La vague. (4)
Le temps nous tient dans sa main. Toujours cette vitre où se collent nos visages. Le souvenir sort de sa soif et désaltère la pensée immédiate. Je ne sais plus si c’est l’angoisse qui affronte la réalité ou bien si c’est l’air qui s’étouffe. J’ai perdu l’image du fossile qui loge mes fondations. Des cordes de lumière sont entrelacées sur mes genoux. Il fait nuit sous la glace.
Aujourd’hui encore lorsque je ne te sens pas triomphante dans mon esprit, ma voix frémit et je te cherche du bout des lèvres dans le balbutiement des heures défuntes.
Chaque jour s’écope des heures de vidange vécues dans la dégringolade du temps. Je sais aujourd’hui toutes ces remontées chargées du ruissellement d’empreintes. Elles viennent encombrer de leurs images désolées, le soir qui prépare la nuit. C’est un crissement désemparé qui recouvre peu à peu la lumière fuyante des aires nostalgiques. Ce lieu d’aliénations où toutes les matières me sont mystérieuses. Habitué à lire ce qui est, bien plus qu’à m’approprier ce que chaque chose signifie. Je m’endigue comme une citadelle craintive de la crue. Des algues sous la peau cherchent un peu de lumière. Les interrogations compulsives ne trouvent pas de réponse: qui suis-je, où vais-je ?

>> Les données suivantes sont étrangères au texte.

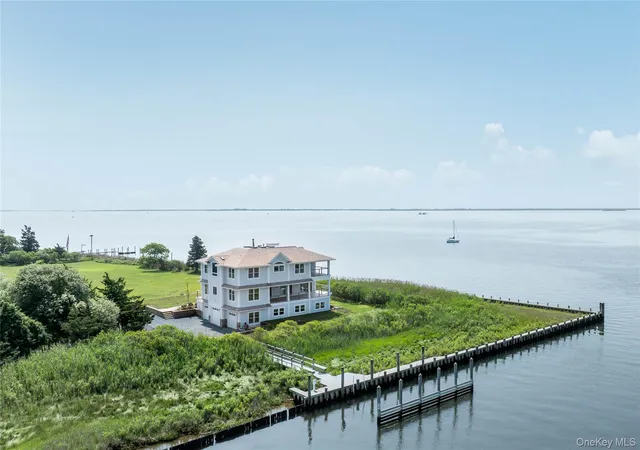 Photo 3 of Single family home for sale at 7 Convent Ln, Center Moriches, NY 11934 | MLS# 991970 | Listing updated on 2026-09-16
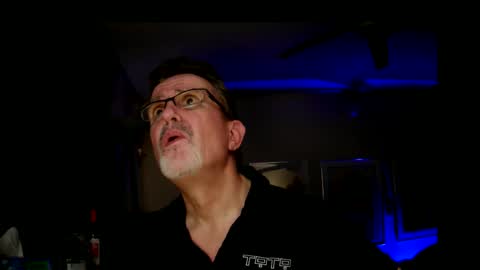 Snapshot of shrewtamer chatting on November 12, 5:08 am shrewtamer online show from November 12, 5:08 am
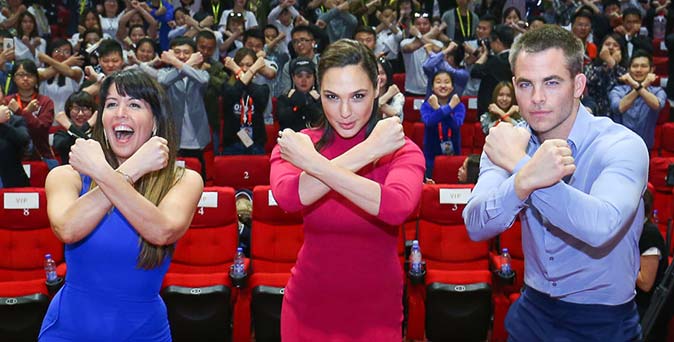 งานเปิดตัวหนัง Wonder Woman เดินหน้าโปรโมทที่ เซี่ยงไฮ้ แฟนคลับแห่ให้กำลังใจคับคั่ง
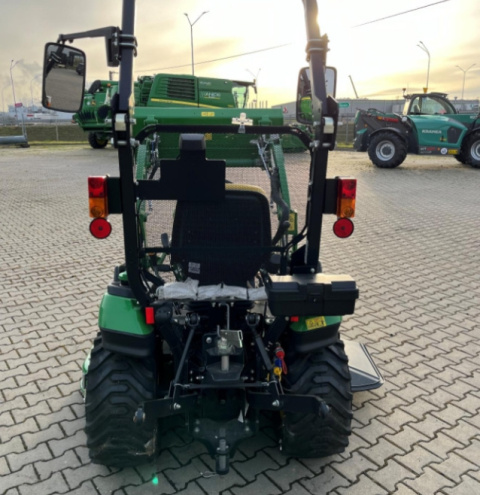 Ciągnik John Deere 1026R z ładowaczem i kosiarką miedzyosiową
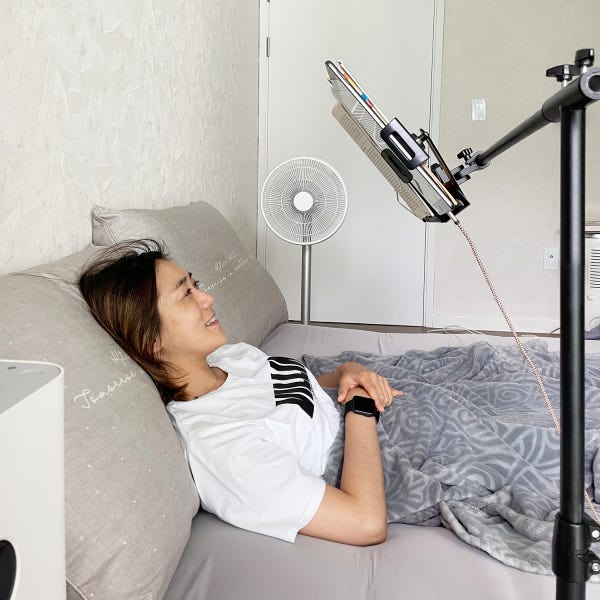눕서대 누워서보는독서대 책보기 책거치대 침대 프로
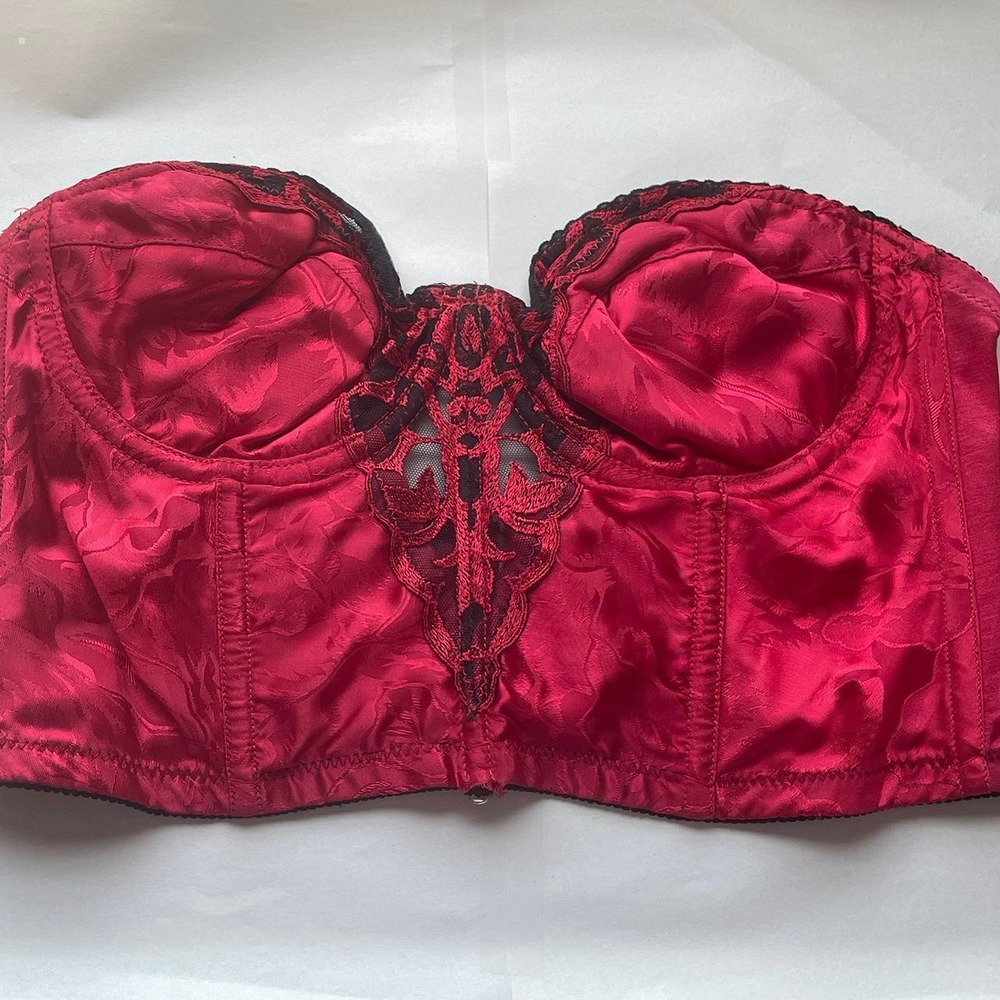 Valmont Vintage Red Black Lace Bustier Strapless Bra Style 1089 Size 36B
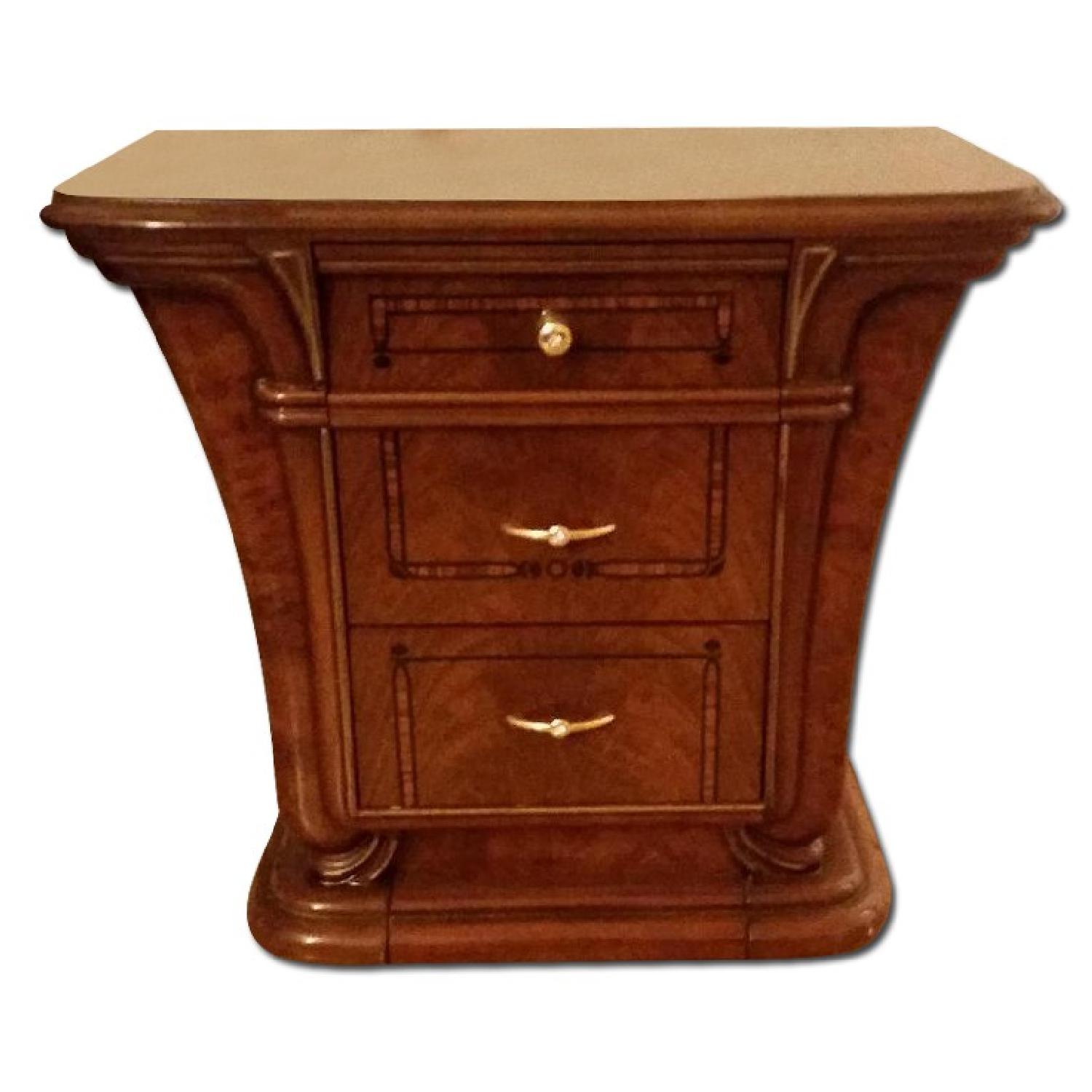 Dresser + 2 Nightstands - image-4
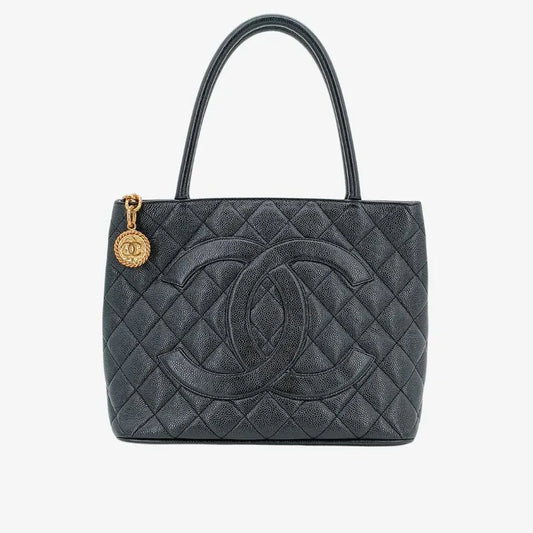 c507-chanel-vintage-black-caviar-leather-1804-tote-bag
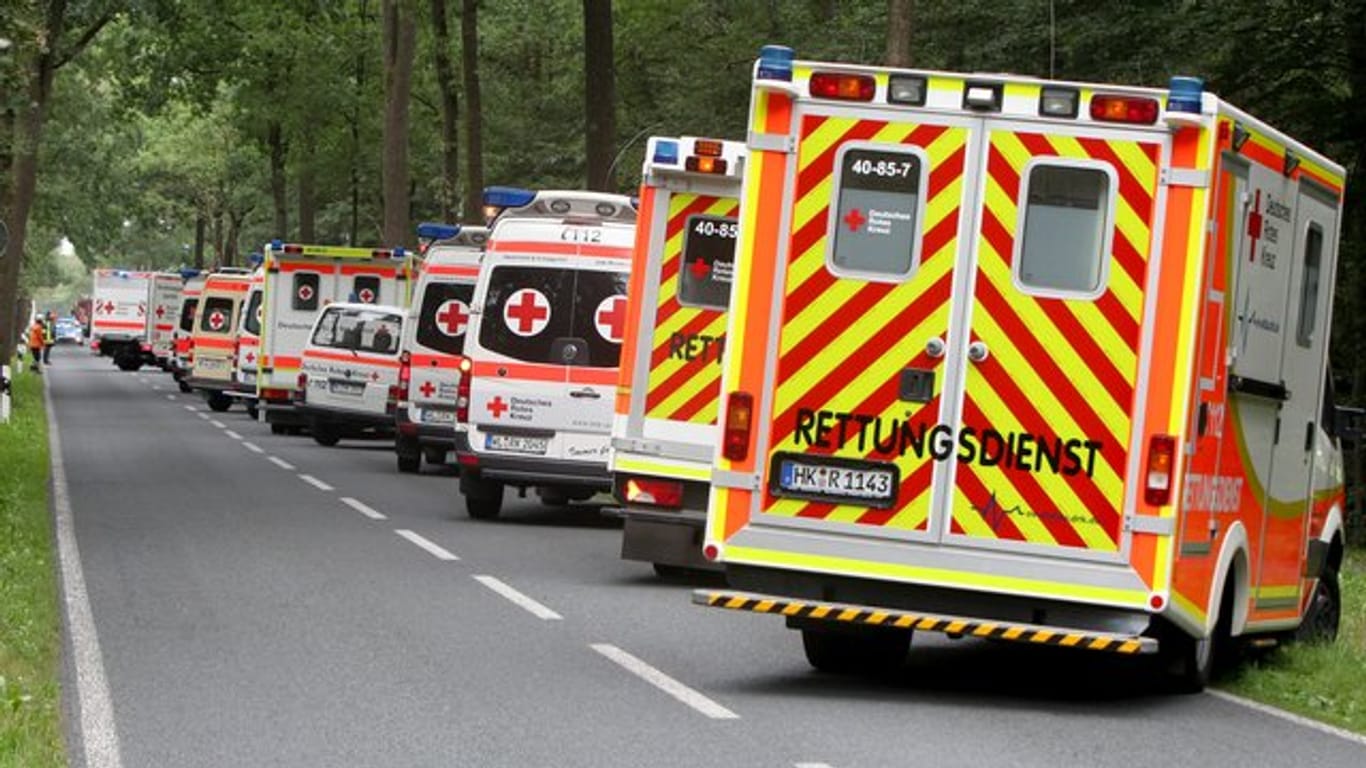 September 2015: Zahlreiche Rettungswagen und Notärzte sind in Handeloh in Niedersachsen im Einsatz.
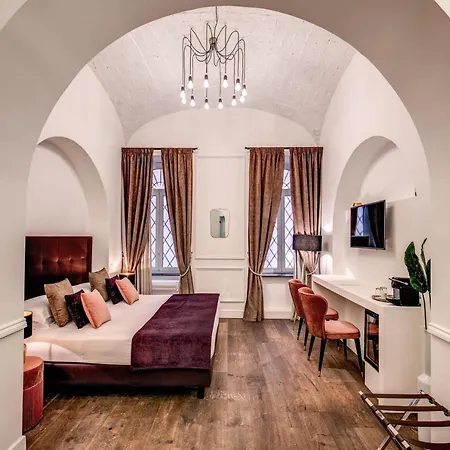 Boutique Centrale Relais-3
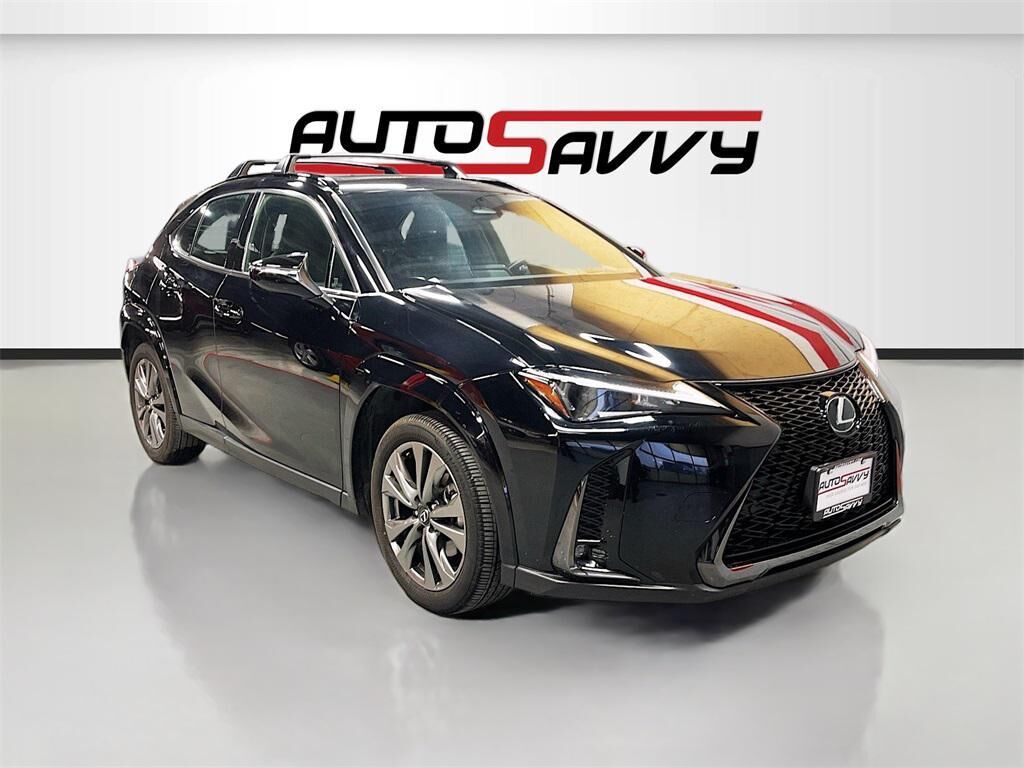 2025 LEXUS UX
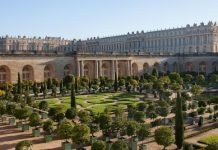 Le château de Versailles lance un appel aux dons (détail) Le château de Versailles lance un appel aux dons (détail)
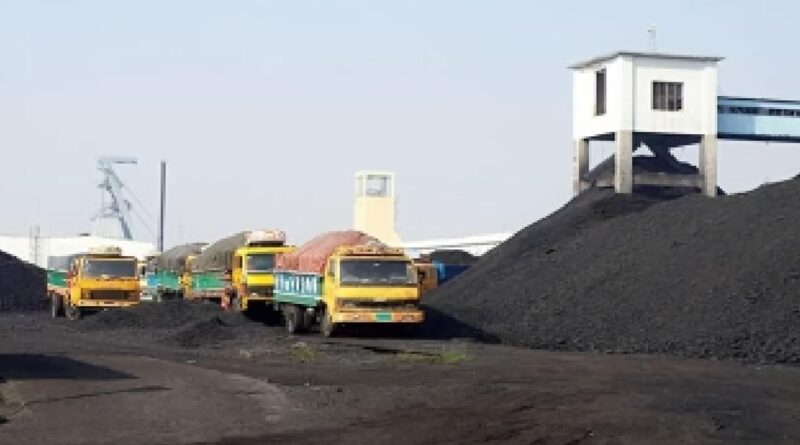বড়পুকুরিয়ার খনি কর্তৃপক্ষ মজুদ কয়লা নিয়ে বিপাকে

La peur de souffrir davantage liquéfie toute certitude. Je suis contraint à la déconnection si je souhaite préserver l’immensité du jour qui s’enfuit dans l’ombre. L’anémie du regard dessine une bévue. Tes mains fouillent ma langue, mon corps, mon sang.
Et puis, des fruits frais. Du mou pour les arbres et les feuilles. Ce n’est que du temps. Temps de vacances terminées, temps alphabétique. Girouette sur la tête et le vent qui passe. Et puis, la criée du matin blottie dans l’échappée du ciel. Et puis, le revirement, le revivre et le sceau d’un tampon sans encre. Demain.